A quick look at Gygax's polearm list and any good historical reference to polearms will tell you that Gygaxian design was far less concerned with history than the appearance of history. He makes distinctions that really aren't, and goes well into "overclassification."
Likewise, "Plate Mail" is a completely bogus term. Mail means chain; nothing else is mail. There are a dozen historical kinds of mail, but they all are rings joined together into sheets, and then rigged into a variety of styles of wear.
Gygax's Chainmail rules are not terribly historically accurate, either... they're a good basic set of rules. An introductory game, if you will. Other, far more accurate and simulationist games existed at the same time. Very few, however, were as easy to pick up as Chainmail.

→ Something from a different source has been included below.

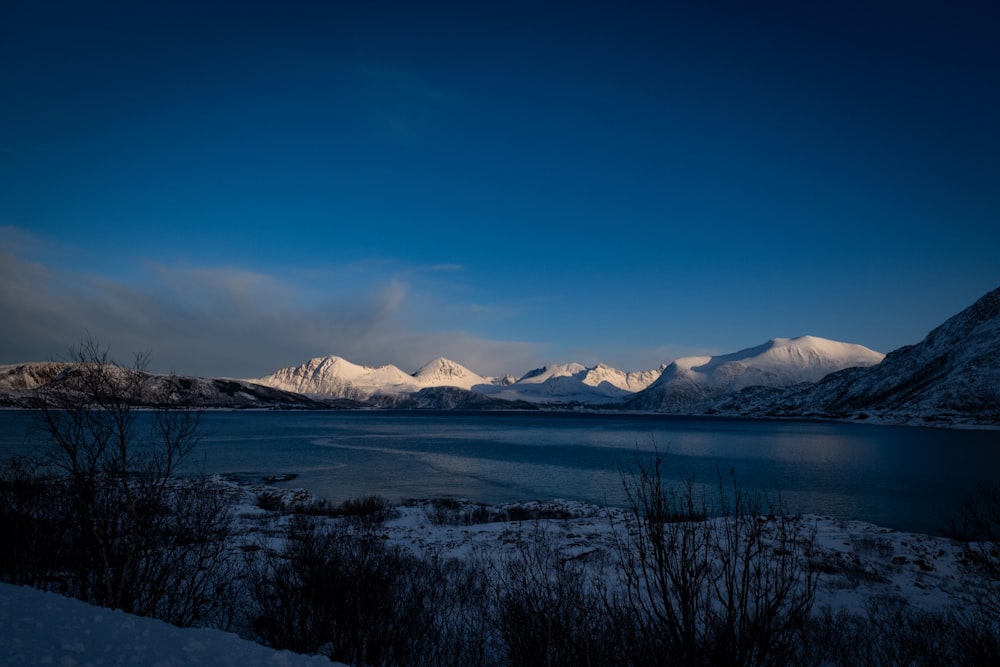 a lake surrounded by snow covered mountains under a blue sky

D&D's emphasis on the Gold Piece as the primary currency is again, completely ahistorical. Most people, even the nobles, spent mostly silver coins... usually worth about 1/10th to 1/20th the value of a gold coin, and typically between 200 and 300 to the pound. The monstrously large gold coins of D&D are well beyond the reach of history.
The evidence left us from his rule-systems is one of game over simulation, game over history, and game over realism. Every decision point in the original D&D is, like those in Chainmail, designed for fun and ease of play. A vehicle for story.
Later developments in the game drove it away from the simplicity of both Chainmail and the original rules. But at heart, it's not a historical simulation.
And one of my history professors used to warn people: Anything historical you learned from D&D is almost guaranteed to be wrong.